Cotton Mary can be difficult to watch at times. It presents a situation in which the most hateful characters are victims whose lives and personalities have been warped by the indirect actions of some of the most likable characters. Mary is a monster, but she is also an inevitable result of centuries of British dominance. Lily is a sympathetic character, but, pampered on the fruits of that dominance, she can afford to be. "Anglo-Indians have the worst characteristics of the Indians and the worst of the English," sniffs one of Lily's upper-class friends.

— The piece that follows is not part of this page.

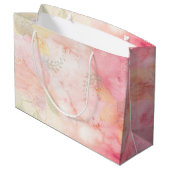 水彩ピンクフローラ背景 ラージペーパーバッグ (裏面アングル)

While the cast is uniformly impressive, Jaffrey dominates the film throughout. (She is also credited as codirector.) She's a monster in the vein of Maggie Smith in The Prime of Miss Jean Brodie -- in her own mind, her actions are perfectly justifiable, even benevolent: She will not only save the baby; she will also purge this fine English house of the influence of that dirty Indian servant.

Merchant presumably made the film with English and Indian audiences in mind. For American viewers its biggest flaw is that it assumes too much knowledge of its historical and cultural setting. (The published script has a brief essay on the status of Anglo-Indians over the years that gives much-needed context.) And while some of the issues and situations are loosely analogous to racial situations in the U.S. -- Roots had a few characters with conflicts similar to those in Cotton Mary -- the comparison is only slightly useful. Too many of the specifics are altogether different. Still, while this may cost Cotton Mary some of its power, the film has plenty to spare. It's unlikely that anyone will walk away unmoved.